原口一博議員

 衆院予算委員会で28日、「統計問題・諸課題」に集中審議が行われ、国民民主党からまず原口一博国会対策委員長が質疑に立ち、統計問題や沖縄新基地建設問題、外交問題などについて安倍総理や関係閣僚らに質問した。

 冒頭、原口国対委員長は国会について「国権の最高機関であって、国の唯一の立法機関である」と定める憲法41条を引用し、国会の権威を回復するため、安倍総理に国民に分かりやすい答弁を求めた。質疑の概要は次のとおり。

●辺野古基地問題

 新基地建設の賛否を問う県民投票で7割の反対票が投じられながら、岩屋防衛大臣が26日の会見で「沖縄には沖縄の民主主義があり、しかし国には国の民主主義がある」とした発言に対し、原口国対委員長は「日本と沖縄の民主主義は同じだ」と痛烈に批判した。また、特別法の住民投票について規定している憲法95条を取り上げ、沖縄県の県民投票に法的拘束力がないという認識を改めるよう強く申し入れた。

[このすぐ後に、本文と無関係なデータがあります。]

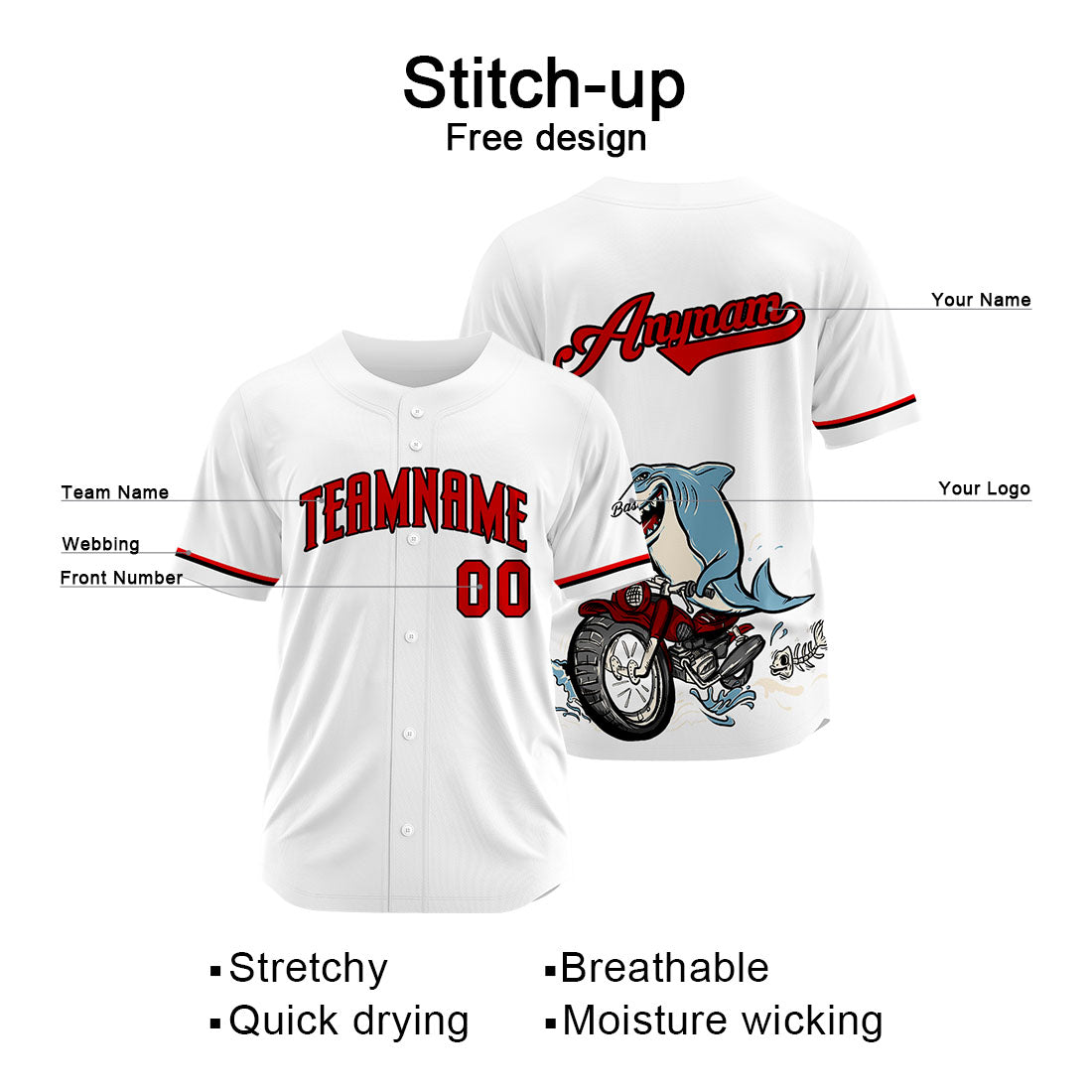 Uniformes de béisbol personalizados Motor Shark-White de alta calidad para adultos y niños & optimizados para el rendimiento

 最後に安倍総理に「沖縄にこれ以上負担を押しつけるべきではない。沖縄の皆さんに寄り添うと言うなら民意を最優先にすべき」と求めた。

●本年4月から予定されている実質年金カット(抑制)

 原口国対委員長は「2019年度の年金支給額の基礎となる数字(賃金上昇分0.6%)がにわかに信じられない。物価が2%上がっている中、年金を0.5%カットしてよいのか」と安倍総理にただしたが、明確な回答はなかった。また、統計不正の全容解明と年金基金の運用を検証すべきとした。

●毎月勤労統計不正「賃金偽装」問題

 厚生労働省の毎月勤労統計調査の不正問題で、再検証を進めてきた特別監察委員会は27日、「担当部署が組織として虚偽の説明をしていた」と指摘する一方、「隠ぺいの意図は認められなかった」とする報告書をまとめた。原口国対委員長は樋口特別監察委員会委員長に、「虚偽について認定されたが隠ぺいはしていない」という矛盾した結論に至った説明を求めた。また、官邸の関与について調査していないことなどを問題視し、調査が全く不十分だとした上で、安倍総理に統計等監視委員会の設置を提案した。さらに、西村総務省統計委員会委員長から統計調査の是正を指導されていたにもかかわらず、リーダーシップを発揮しなかった根本厚労大臣の責任を追及した。

●農家を守る農業政策

 吉川農水大臣に、コメの価格下落に伴い農家の実収入が減ったことを確認した。安倍総理に「新自由主義的な農業政策はやめよう。大規模農家は日本にはそぐわない。災害の多い日本は戸別の農家に補償するべき」と申し入れた。

●FМS(対外有償軍事援助)の問題

 年金を2700億円削減する一方、F35(第5世代戦闘機)の購入に7000億円以上の予算を計上している点を問題視した。

●米朝首脳会談

 「米朝首脳会談の結果はまだ出ていないが、朝鮮戦争が終わるのは重要。しかし、核の段階的削減が進む中で、拉致被害者の問題が未解決のまま終焉されることは絶対あってはならない」と安倍総理の決意を確認した。拉致議連の創設メンバーとして与野党の枠を超えて協力していきたいとした。